Ohne kognitive Belastung.


HAIT als neue Management-Kennzahl

Sobald HAIT messbar wird, entstehen völlig neue Steuerungsdimensionen.

Zum Beispiel:

  • Wie hoch ist der KI-Anteil pro Rolle?
  • Welche Abteilungen arbeiten am stärksten KI-gestützt?
  • Wie verändert sich Arbeit nach Einführung neuer KI-Tools?
  • Wo entsteht Produktivität – und wo nur zusätzliche Komplexität?

HAIT wird damit zu einer neuen KPI:

Nicht „Wie lange wird gearbeitet?“
sondern: „Wie viel menschliche Intelligenz fließt in KI-Prozesse?“


Die strategische Bedeutung von HAIT

Für verschiedene Rollen im Unternehmen bedeutet das:

CEOs

Verstehen erstmals, wie stark KI reale Arbeit verändert – nicht theoretisch, sondern operativ.

Controller

Bekommen eine neue Kosten- und Produktivitätsdimension jenseits klassischer Zeitmodelle.

HR & Transformation

Sehen, wie sich Rollenprofile, Kompetenzen und Tätigkeitsmuster verschieben.

Teams

Erhalten eine Sprache für ihre neue Arbeit – und Legitimation für Tätigkeiten, die bisher unsichtbar waren.

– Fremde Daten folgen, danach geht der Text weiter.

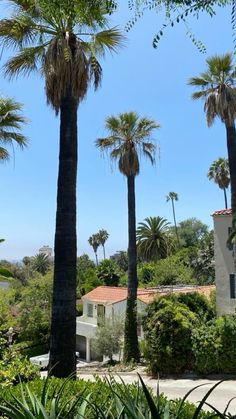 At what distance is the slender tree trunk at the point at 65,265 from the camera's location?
356 inches

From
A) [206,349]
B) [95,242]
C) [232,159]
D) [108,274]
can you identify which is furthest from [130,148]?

Von der Zeiterfassung zur Realitätserfassung

Der eigentliche Wandel ist größer als ein neues KPI.

HAIT verschiebt das Verständnis von Arbeit:

Von:

Anwesenheit messen

Zu:

Interaktion verstehen

Von:

Zeit kontrollieren

Zu:

Realität sichtbar machen

Unternehmen, die HAIT erfassen, messen nicht mehr nur Leistung –
sie messen den Wandel selbst.


Fazit: HAIT ist keine Kennzahl – es ist eine neue Sprache für Arbeit

Human-AI Interaction Time ist nicht einfach ein weiteres Reporting-Feld.

Es ist:

  • ein neues Denkmodell
  • eine neue Kategorie
  • ein neues Steuerungsinstrument
  • und eine neue Sicht auf menschliche Arbeit

In einer Welt, in der künstliche Intelligenz immer mehr übernimmt,
wird der wichtigste Rohstoff nicht Zeit sein –
sondern menschliche Aufmerksamkeit, Bewertung und Entscheidung.

HAIT ist der erste Versuch, genau das messbar zu machen.

Und damit vielleicht die wichtigste Management-Innovation des KI-Zeitalters.